NCLAT Principal Bench held that the acknowledgement of the debt by the guarantor extends the limitation period.


The National Company Law Appellate Tribunal (NCLAT), New Delhi Bench headed by Justice Ashok Bhushan (Chairperson) and Arun Baroka (Technical Member) was hearing an appeal and held that the acknowledgement of the debt by the guarantor extended the limitation period, considering the exclusion period mandated by a Supreme Court order. The NCLAT Bench affirmed the admission of the Section 95 application by the Adjudicating Authority.


Additionally, the Appellate Tribunal ruled that Section 95 permits a creditor to file through a resolution professional, finding no procedural flaws in the application. Arguments contesting the validity of the deed of guarantee, non-disclosure of the assignment agreement, and disputing the creditor's status were all rejected.

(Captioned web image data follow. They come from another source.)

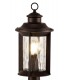 Bollard Post Lamp, 1 x E27, Antique Bronze, Clear Ripple Glass, IP54 - 5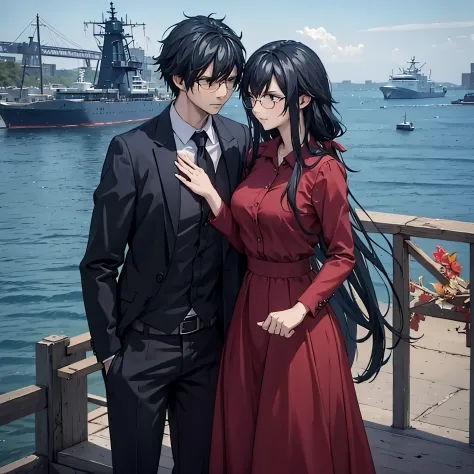 a man in black casual clothes holding the hand of a woman in a red dress in a naval port
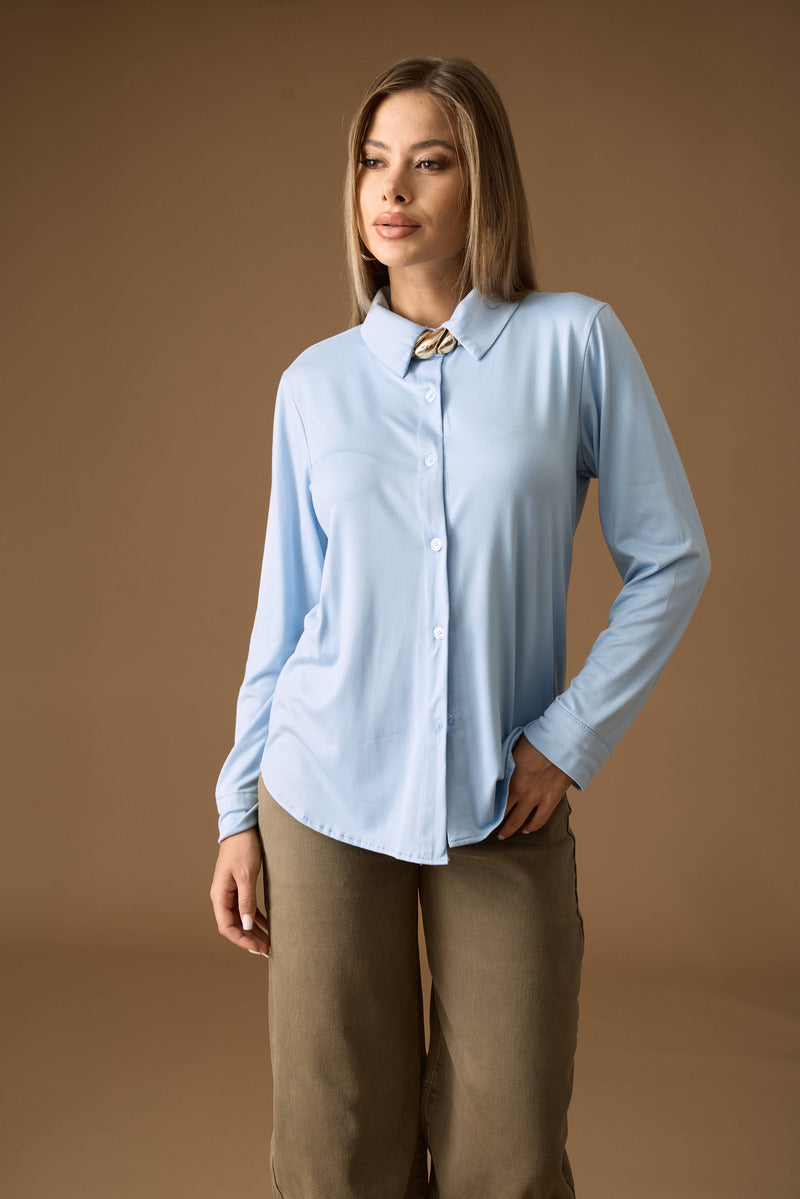Camicia In Maglia Celeste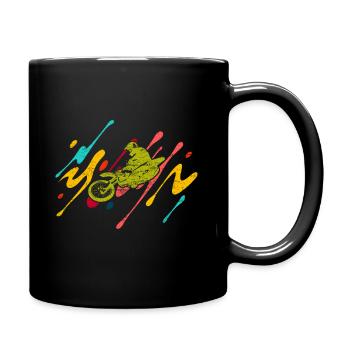 Retro Braap Motorrad Quad Geschenk Geschenkidee - Tasse einfarbig - Schwarz - Rechts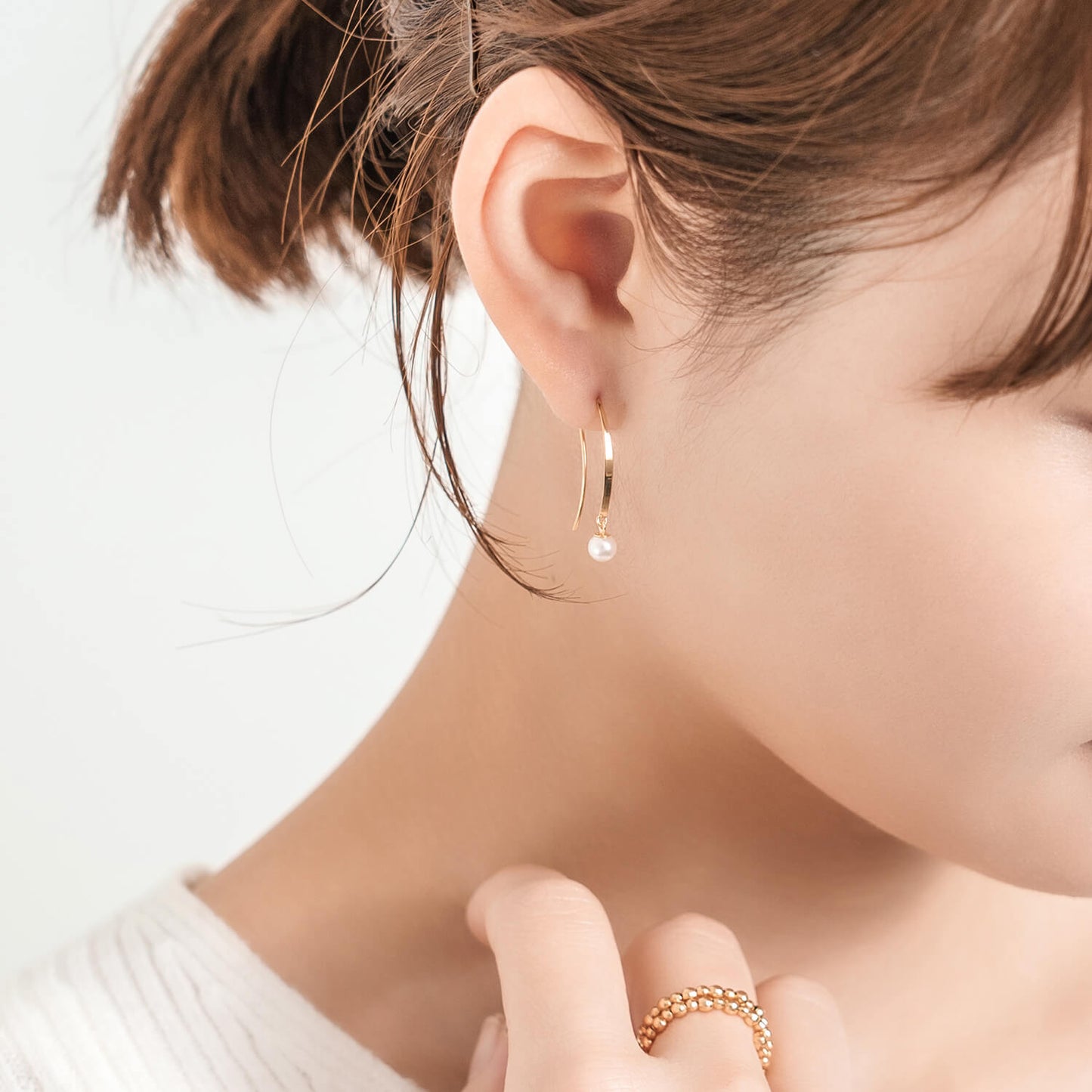 K18 アコヤパール フックピアス（4mm）｜43-8017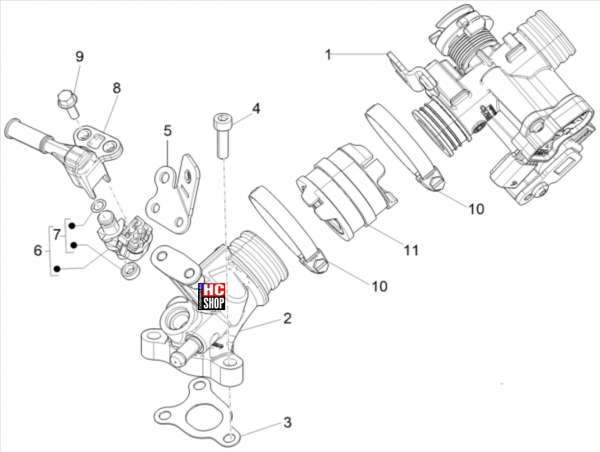 VESPA Sprint 50 E5 Motor Drosselkörper - Einspritzdüse - Ansaugstutzen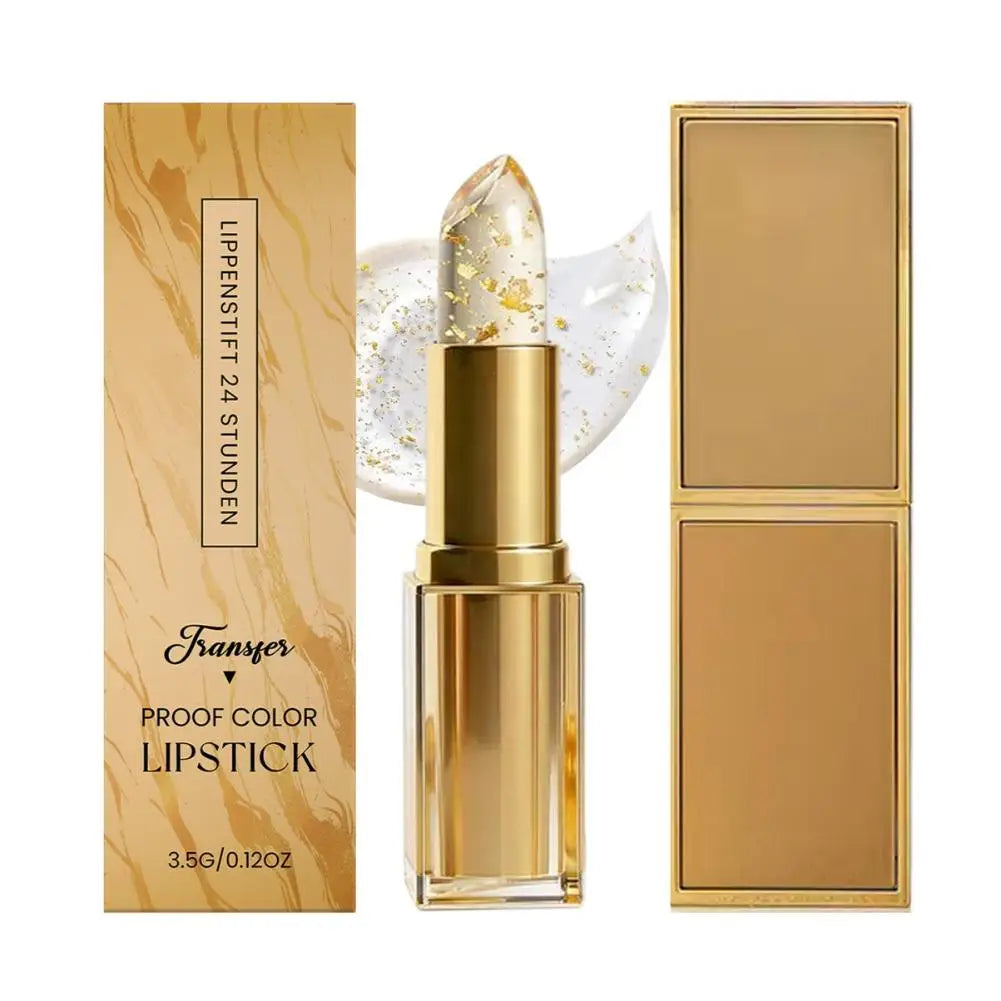 LumiTint Crystal Lip Balm Marble Gold case with crystal-clear gold-flecked balm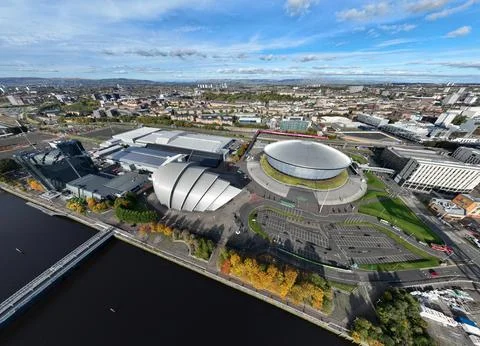 Drone image of Scottish Event Campus, SEC Glasgow Stock Photos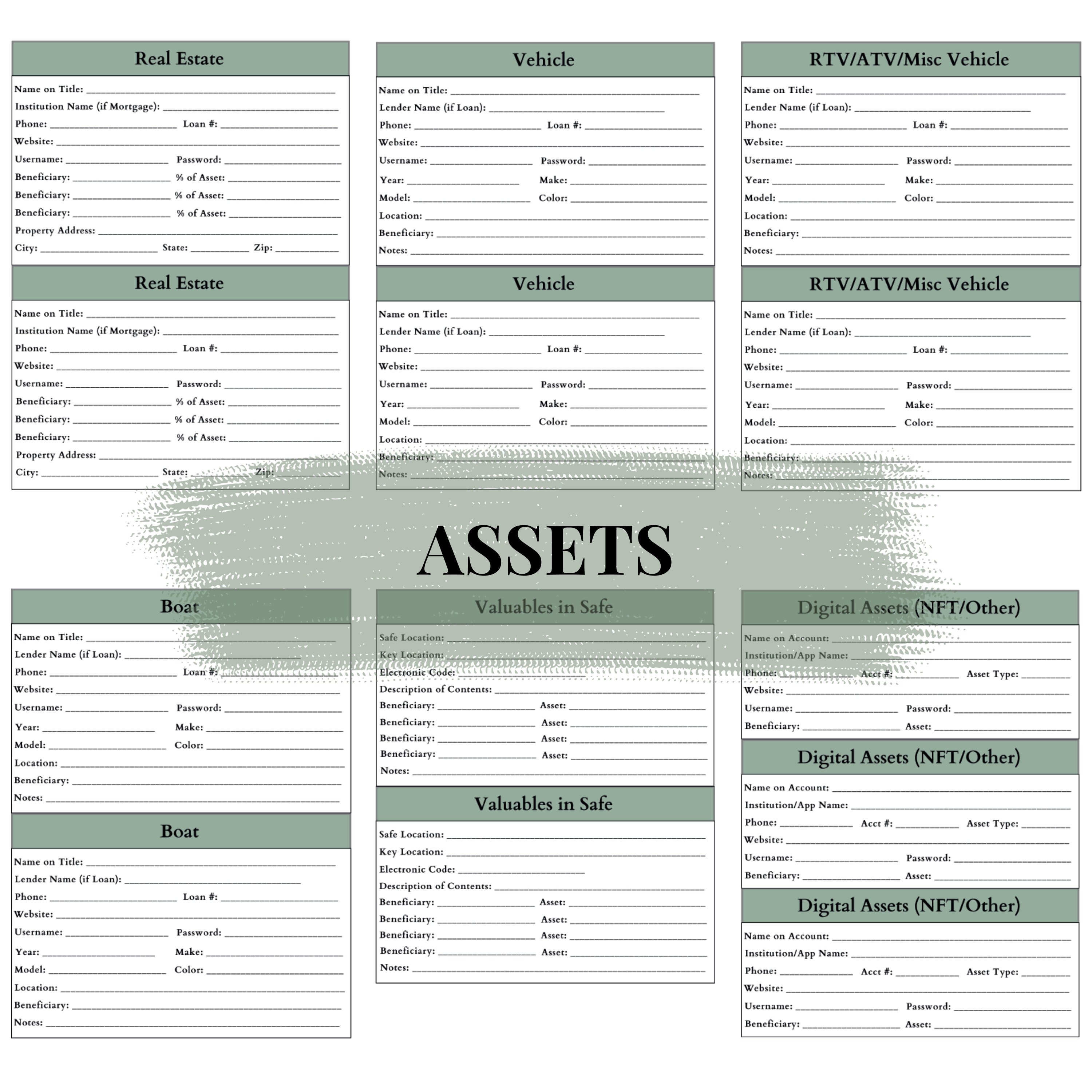 End of Life Planner Legacy Binder Final Arrangement Last Wishes Estate ...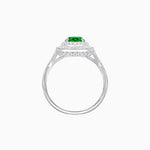 Load image into Gallery viewer, Art Deco Inspired Pear Cut Double Halo Ring with Baguette Diamonds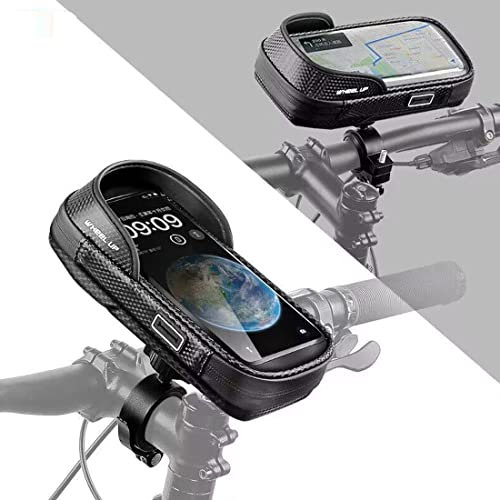 Fahrrad-Lenkertasche, universelle wasserdichte Fahrrad-Handy-Tasche, Motorrad-Lenker, Handyhalterung, Ständer, 360 Grad drehbar, für iPhone 14 13 12 11 Pro Max XS, Samsung Smartphone bis zu 6,7 Zoll
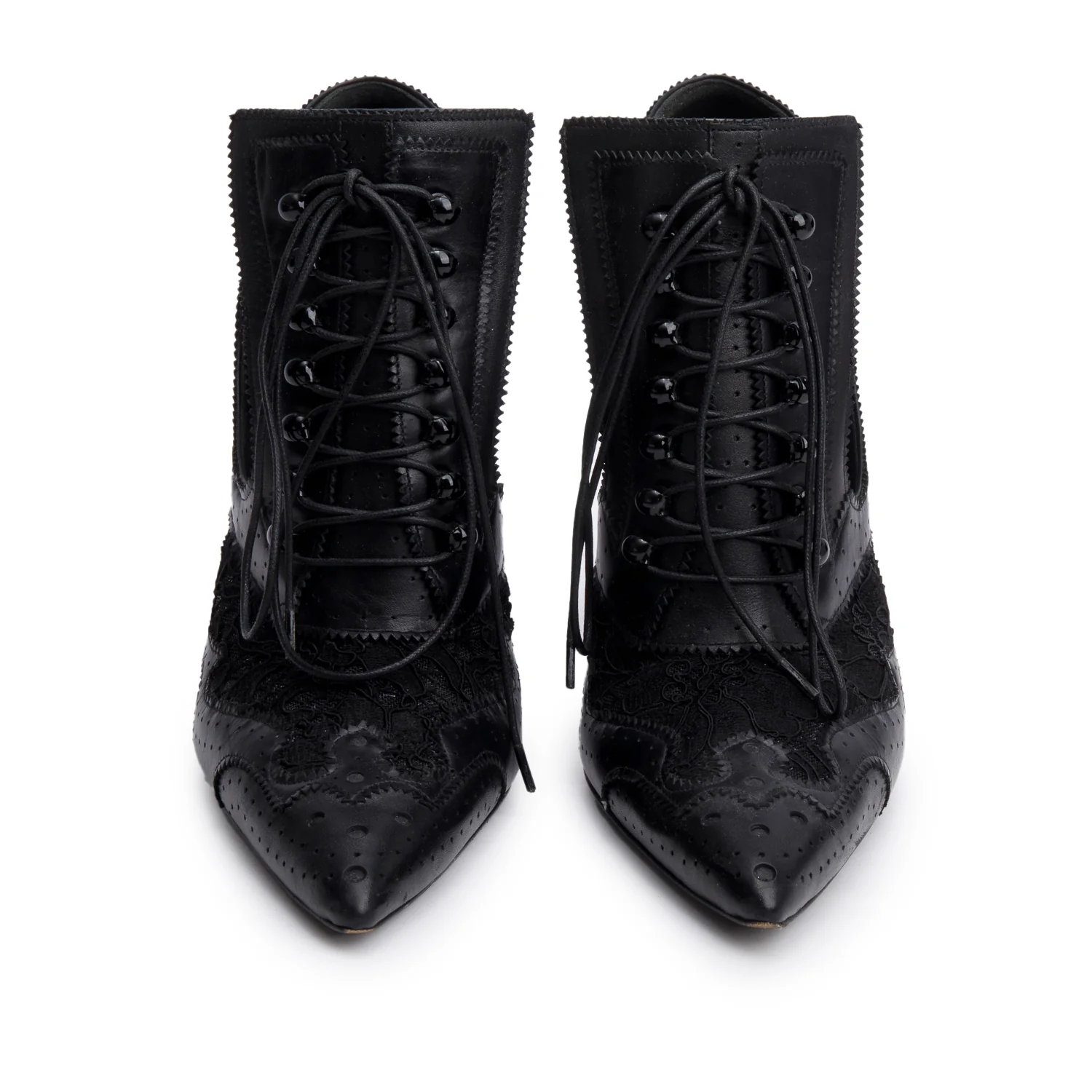 Givenchy Black Baroque Leather Bottine Show Lace Up Ankle Boots, Size 37 w/ Box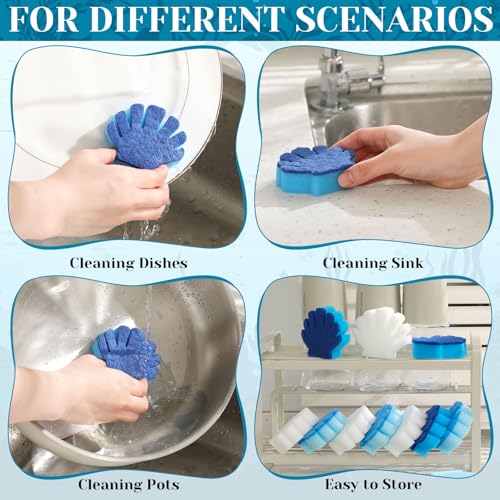 Tioncy 12 Pack Shell Kitchen Sponges Bulk Dual Sided Scrubber Sponges Dishwashing Kitchen Cleaning Accessories for Household Supplies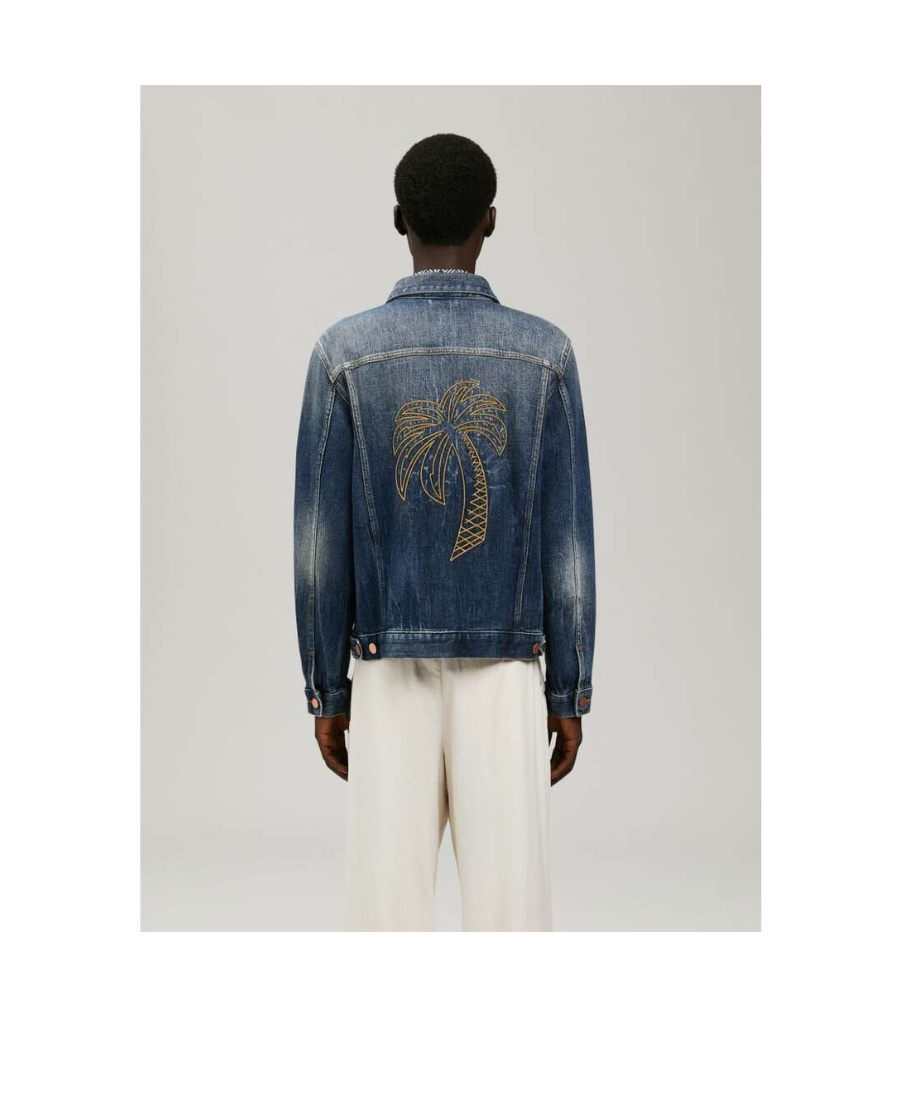 Palm Angels Embroidered Palm Tree Denim Jacket In Blue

The NCLAT judgment in question concerned an appeal by a personal guarantor against an order passed by the Adjudicating Authority admitting a Section 95 application filed by a financial creditor. The case involved a loan facility granted by Dena Bank to M/s Morakhia Metals and Alloy Pvt. Ltd., with the guarantor being the appellant and another individual. After the corporate debtor's account was declared an NPA, the bank invoked the personal guarantee and demanded repayment from the appellant. Subsequently, the loan was assigned to Reliance Asset Reconstruction Company Ltd.


The appellant contended that the application was time-barred, as the invocation of the guarantee in 2016 meant the three-year limitation period had expired before the application was filed in 2021. However, the court found that a declaration cum undertaking issued by the appellant in 2018 acknowledged the debt, extending the limitation period. Furthermore, the period from March 2020 to February 2022, as per a Supreme Court order, was excluded from the calculation of time.


Additionally, the appellant argued that the application was defective because it was signed by a resolution professional who was not an authorized officer of the creditor. However, the court determined that Section 95 permits a creditor to file through a resolution professional, and no defects were identified in the application.


Other arguments regarding the validity of the deed of guarantee, non-disclosure of the assignment agreement, and questioning the status of the financial creditor were also dismissed by the court. Ultimately, the court found no error in the Adjudicating Authority's decision to admit the Section 95 application and dismissed the appeal.